## Problem details
Your task is to transcribe the entries exactly.
+ + + +
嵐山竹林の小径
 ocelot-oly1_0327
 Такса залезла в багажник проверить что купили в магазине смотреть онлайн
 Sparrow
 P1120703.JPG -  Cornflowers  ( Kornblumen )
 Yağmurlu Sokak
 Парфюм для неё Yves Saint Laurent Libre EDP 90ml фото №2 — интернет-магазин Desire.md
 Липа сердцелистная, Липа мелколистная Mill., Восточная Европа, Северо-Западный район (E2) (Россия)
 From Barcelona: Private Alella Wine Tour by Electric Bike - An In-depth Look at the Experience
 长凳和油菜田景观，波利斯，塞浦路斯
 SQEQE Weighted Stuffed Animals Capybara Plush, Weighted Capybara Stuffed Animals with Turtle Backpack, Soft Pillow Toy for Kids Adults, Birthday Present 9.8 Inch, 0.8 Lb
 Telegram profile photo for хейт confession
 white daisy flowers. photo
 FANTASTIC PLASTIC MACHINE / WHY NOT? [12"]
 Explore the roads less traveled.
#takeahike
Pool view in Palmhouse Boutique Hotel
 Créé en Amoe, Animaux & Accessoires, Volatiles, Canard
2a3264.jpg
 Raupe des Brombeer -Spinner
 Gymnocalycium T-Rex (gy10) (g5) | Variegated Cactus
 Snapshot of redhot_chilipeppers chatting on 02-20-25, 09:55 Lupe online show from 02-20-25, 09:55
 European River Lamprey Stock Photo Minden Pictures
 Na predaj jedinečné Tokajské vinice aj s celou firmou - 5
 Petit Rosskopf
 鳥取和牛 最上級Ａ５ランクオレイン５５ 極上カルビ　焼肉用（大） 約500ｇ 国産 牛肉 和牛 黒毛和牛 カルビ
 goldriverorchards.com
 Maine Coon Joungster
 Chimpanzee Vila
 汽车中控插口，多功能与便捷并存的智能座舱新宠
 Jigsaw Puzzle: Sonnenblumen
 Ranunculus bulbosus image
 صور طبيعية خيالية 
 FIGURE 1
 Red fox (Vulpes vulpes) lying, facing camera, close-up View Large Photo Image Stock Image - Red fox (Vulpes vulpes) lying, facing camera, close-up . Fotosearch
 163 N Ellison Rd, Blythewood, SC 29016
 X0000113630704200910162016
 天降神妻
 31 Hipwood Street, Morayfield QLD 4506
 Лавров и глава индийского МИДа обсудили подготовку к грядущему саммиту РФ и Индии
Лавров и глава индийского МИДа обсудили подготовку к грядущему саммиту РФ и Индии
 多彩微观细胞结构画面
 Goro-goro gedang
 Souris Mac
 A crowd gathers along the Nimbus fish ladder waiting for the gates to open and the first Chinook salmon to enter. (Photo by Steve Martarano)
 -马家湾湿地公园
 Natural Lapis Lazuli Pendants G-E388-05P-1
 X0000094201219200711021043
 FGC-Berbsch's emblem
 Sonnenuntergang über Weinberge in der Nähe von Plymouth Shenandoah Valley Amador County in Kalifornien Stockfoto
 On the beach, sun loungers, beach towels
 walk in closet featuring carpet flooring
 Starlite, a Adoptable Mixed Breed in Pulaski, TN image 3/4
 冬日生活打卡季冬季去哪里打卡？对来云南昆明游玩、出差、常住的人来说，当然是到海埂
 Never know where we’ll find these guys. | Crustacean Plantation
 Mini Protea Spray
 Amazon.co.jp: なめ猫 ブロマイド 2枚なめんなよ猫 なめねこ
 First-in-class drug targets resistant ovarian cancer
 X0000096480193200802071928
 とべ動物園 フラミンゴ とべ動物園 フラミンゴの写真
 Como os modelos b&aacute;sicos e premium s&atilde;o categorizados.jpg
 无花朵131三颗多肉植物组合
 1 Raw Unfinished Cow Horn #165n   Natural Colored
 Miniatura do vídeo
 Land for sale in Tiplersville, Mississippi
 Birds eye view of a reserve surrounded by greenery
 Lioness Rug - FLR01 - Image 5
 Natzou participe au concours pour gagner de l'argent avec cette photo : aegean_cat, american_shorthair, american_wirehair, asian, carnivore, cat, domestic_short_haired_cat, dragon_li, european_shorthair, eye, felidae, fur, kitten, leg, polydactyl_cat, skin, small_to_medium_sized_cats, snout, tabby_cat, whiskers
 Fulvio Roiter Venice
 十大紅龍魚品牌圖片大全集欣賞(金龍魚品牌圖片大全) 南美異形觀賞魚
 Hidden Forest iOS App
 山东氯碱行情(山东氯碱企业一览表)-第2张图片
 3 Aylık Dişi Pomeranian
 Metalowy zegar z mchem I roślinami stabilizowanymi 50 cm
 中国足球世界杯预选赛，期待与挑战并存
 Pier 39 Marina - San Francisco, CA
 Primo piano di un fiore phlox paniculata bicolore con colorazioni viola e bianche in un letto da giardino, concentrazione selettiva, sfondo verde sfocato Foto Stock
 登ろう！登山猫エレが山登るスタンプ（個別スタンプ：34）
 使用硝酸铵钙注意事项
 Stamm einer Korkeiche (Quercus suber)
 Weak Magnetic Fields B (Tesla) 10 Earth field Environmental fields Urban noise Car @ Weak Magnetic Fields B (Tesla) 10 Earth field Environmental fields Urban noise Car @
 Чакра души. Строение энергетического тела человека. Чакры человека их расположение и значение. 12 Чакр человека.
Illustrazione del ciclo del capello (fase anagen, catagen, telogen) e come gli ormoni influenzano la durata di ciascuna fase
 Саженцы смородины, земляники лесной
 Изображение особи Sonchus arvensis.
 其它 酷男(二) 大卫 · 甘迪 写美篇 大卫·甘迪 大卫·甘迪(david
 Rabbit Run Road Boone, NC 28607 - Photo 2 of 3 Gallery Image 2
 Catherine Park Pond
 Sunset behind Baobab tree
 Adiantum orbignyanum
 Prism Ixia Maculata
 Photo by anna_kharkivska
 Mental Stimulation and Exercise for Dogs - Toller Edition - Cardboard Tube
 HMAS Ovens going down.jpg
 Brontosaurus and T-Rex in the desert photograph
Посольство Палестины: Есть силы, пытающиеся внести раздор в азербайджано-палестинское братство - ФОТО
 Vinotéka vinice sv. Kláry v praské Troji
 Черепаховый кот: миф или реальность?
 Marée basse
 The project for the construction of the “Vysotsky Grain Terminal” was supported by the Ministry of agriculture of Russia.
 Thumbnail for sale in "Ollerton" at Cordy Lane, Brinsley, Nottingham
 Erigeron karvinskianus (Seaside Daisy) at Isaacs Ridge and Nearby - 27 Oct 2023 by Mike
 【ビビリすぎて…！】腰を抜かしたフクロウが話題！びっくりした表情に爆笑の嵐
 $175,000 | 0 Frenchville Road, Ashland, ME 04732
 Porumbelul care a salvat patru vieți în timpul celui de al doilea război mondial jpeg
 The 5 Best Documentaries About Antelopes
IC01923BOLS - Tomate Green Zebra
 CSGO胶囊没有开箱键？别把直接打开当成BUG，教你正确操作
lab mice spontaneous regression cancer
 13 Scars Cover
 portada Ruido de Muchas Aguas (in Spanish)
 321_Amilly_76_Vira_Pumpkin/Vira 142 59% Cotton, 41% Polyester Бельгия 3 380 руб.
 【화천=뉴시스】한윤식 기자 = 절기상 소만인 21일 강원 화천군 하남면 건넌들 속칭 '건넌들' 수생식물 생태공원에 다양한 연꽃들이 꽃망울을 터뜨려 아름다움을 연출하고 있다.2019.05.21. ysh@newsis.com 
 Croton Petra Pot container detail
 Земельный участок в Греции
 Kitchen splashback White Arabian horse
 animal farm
+ + + +
## Exercise result
嵐山竹林の小径
 ocelot-oly1_0327
 Такса залезла в багажник проверить что купили в магазине смотреть онлайн
 Sparrow
 P1120703.JPG -  Cornflowers  ( Kornblumen )
 Yağmurlu Sokak
 Парфюм для неё Yves Saint Laurent Libre EDP 90ml фото №2 — интернет-магазин Desire.md
 Липа сердцелистная, Липа мелколистная Mill., Восточная Европа, Северо-Западный район (E2) (Россия)
 From Barcelona: Private Alella Wine Tour by Electric Bike - An In-depth Look at the Experience
 长凳和油菜田景观，波利斯，塞浦路斯
 SQEQE Weighted Stuffed Animals Capybara Plush, Weighted Capybara Stuffed Animals with Turtle Backpack, Soft Pillow Toy for Kids Adults, Birthday Present 9.8 Inch, 0.8 Lb
 Telegram profile photo for хейт confession
 white daisy flowers. photo
 FANTASTIC PLASTIC MACHINE / WHY NOT? [12"]
 Explore the roads less traveled.
#takeahike
Pool view in Palmhouse Boutique Hotel
 Créé en Amoe, Animaux & Accessoires, Volatiles, Canard
2a3264.jpg
 Raupe des Brombeer -Spinner
 Gymnocalycium T-Rex (gy10) (g5) | Variegated Cactus
 Snapshot of redhot_chilipeppers chatting on 02-20-25, 09:55 Lupe online show from 02-20-25, 09:55
 European River Lamprey Stock Photo Minden Pictures
 Na predaj jedinečné Tokajské vinice aj s celou firmou - 5
 Petit Rosskopf
 鳥取和牛 最上級Ａ５ランクオレイン５５ 極上カルビ　焼肉用（大） 約500ｇ 国産 牛肉 和牛 黒毛和牛 カルビ
 goldriverorchards.com
 Maine Coon Joungster
 Chimpanzee Vila
 汽车中控插口，多功能与便捷并存的智能座舱新宠
 Jigsaw Puzzle: Sonnenblumen
 Ranunculus bulbosus image
 صور طبيعية خيالية 
 FIGURE 1
 Red fox (Vulpes vulpes) lying, facing camera, close-up View Large Photo Image Stock Image - Red fox (Vulpes vulpes) lying, facing camera, close-up . Fotosearch
 163 N Ellison Rd, Blythewood, SC 29016
 X0000113630704200910162016
 天降神妻
 31 Hipwood Street, Morayfield QLD 4506
 Лавров и глава индийского МИДа обсудили подготовку к грядущему саммиту РФ и Индии
Лавров и глава индийского МИДа обсудили подготовку к грядущему саммиту РФ и Индии
 多彩微观细胞结构画面
 Goro-goro gedang
 Souris Mac
 A crowd gathers along the Nimbus fish ladder waiting for the gates to open and the first Chinook salmon to enter. (Photo by Steve Martarano)
 -马家湾湿地公园
 Natural Lapis Lazuli Pendants G-E388-05P-1
 X0000094201219200711021043
 FGC-Berbsch's emblem
 Sonnenuntergang über Weinberge in der Nähe von Plymouth Shenandoah Valley Amador County in Kalifornien Stockfoto
 On the beach, sun loungers, beach towels
 walk in closet featuring carpet flooring
 Starlite, a Adoptable Mixed Breed in Pulaski, TN image 3/4
 冬日生活打卡季冬季去哪里打卡？对来云南昆明游玩、出差、常住的人来说，当然是到海埂
 Never know where we’ll find these guys. | Crustacean Plantation
 Mini Protea Spray
 Amazon.co.jp: なめ猫 ブロマイド 2枚なめんなよ猫 なめねこ
 First-in-class drug targets resistant ovarian cancer
 X0000096480193200802071928
 とべ動物園 フラミンゴ とべ動物園 フラミンゴの写真
 Como os modelos b&aacute;sicos e premium s&atilde;o categorizados.jpg
 无花朵131三颗多肉植物组合
 1 Raw Unfinished Cow Horn #165n   Natural Colored
 Miniatura do vídeo
 Land for sale in Tiplersville, Mississippi
 Birds eye view of a reserve surrounded by greenery
 Lioness Rug - FLR01 - Image 5
 Natzou participe au concours pour gagner de l'argent avec cette photo : aegean_cat, american_shorthair, american_wirehair, asian, carnivore, cat, domestic_short_haired_cat, dragon_li, european_shorthair, eye, felidae, fur, kitten, leg, polydactyl_cat, skin, small_to_medium_sized_cats, snout, tabby_cat, whiskers
 Fulvio Roiter Venice
 十大紅龍魚品牌圖片大全集欣賞(金龍魚品牌圖片大全) 南美異形觀賞魚
 Hidden Forest iOS App
 山东氯碱行情(山东氯碱企业一览表)-第2张图片
 3 Aylık Dişi Pomeranian
 Metalowy zegar z mchem I roślinami stabilizowanymi 50 cm
 中国足球世界杯预选赛，期待与挑战并存
 Pier 39 Marina - San Francisco, CA
 Primo piano di un fiore phlox paniculata bicolore con colorazioni viola e bianche in un letto da giardino, concentrazione selettiva, sfondo verde sfocato Foto Stock
 登ろう！登山猫エレが山登るスタンプ（個別スタンプ：34）
 使用硝酸铵钙注意事项
 Stamm einer Korkeiche (Quercus suber)
 Weak Magnetic Fields B (Tesla) 10 Earth field Environmental fields Urban noise Car @ Weak Magnetic Fields B (Tesla) 10 Earth field Environmental fields Urban noise Car @
 Чакра души. Строение энергетического тела человека. Чакры человека их расположение и значение. 12 Чакр человека.
Illustrazione del ciclo del capello (fase anagen, catagen, telogen) e come gli ormoni influenzano la durata di ciascuna fase
 Саженцы смородины, земляники лесной
 Изображение особи Sonchus arvensis.
 其它 酷男(二) 大卫 · 甘迪 写美篇 大卫·甘迪 大卫·甘迪(david
 Rabbit Run Road Boone, NC 28607 - Photo 2 of 3 Gallery Image 2
 Catherine Park Pond
 Sunset behind Baobab tree
 Adiantum orbignyanum
 Prism Ixia Maculata
 Photo by anna_kharkivska
 Mental Stimulation and Exercise for Dogs - Toller Edition - Cardboard Tube
 HMAS Ovens going down.jpg
 Brontosaurus and T-Rex in the desert photograph
Посольство Палестины: Есть силы, пытающиеся внести раздор в азербайджано-палестинское братство - ФОТО
 Vinotéka vinice sv. Kláry v praské Troji
 Черепаховый кот: миф или реальность?
 Marée basse
 The project for the construction of the “Vysotsky Grain Terminal” was supported by the Ministry of agriculture of Russia.
 Thumbnail for sale in "Ollerton" at Cordy Lane, Brinsley, Nottingham
 Erigeron karvinskianus (Seaside Daisy) at Isaacs Ridge and Nearby - 27 Oct 2023 by Mike
 【ビビリすぎて…！】腰を抜かしたフクロウが話題！びっくりした表情に爆笑の嵐
 $175,000 | 0 Frenchville Road, Ashland, ME 04732
 Porumbelul care a salvat patru vieți în timpul celui de al doilea război mondial jpeg
 The 5 Best Documentaries About Antelopes
IC01923BOLS - Tomate Green Zebra
 CSGO胶囊没有开箱键？别把直接打开当成BUG，教你正确操作
lab mice spontaneous regression cancer
 13 Scars Cover
 portada Ruido de Muchas Aguas (in Spanish)
 321_Amilly_76_Vira_Pumpkin/Vira 142 59% Cotton, 41% Polyester Бельгия 3 380 руб.
 【화천=뉴시스】한윤식 기자 = 절기상 소만인 21일 강원 화천군 하남면 건넌들 속칭 '건넌들' 수생식물 생태공원에 다양한 연꽃들이 꽃망울을 터뜨려 아름다움을 연출하고 있다.2019.05.21. ysh@newsis.com 
 Croton Petra Pot container detail
 Земельный участок в Греции
 Kitchen splashback White Arabian horse
 animal farm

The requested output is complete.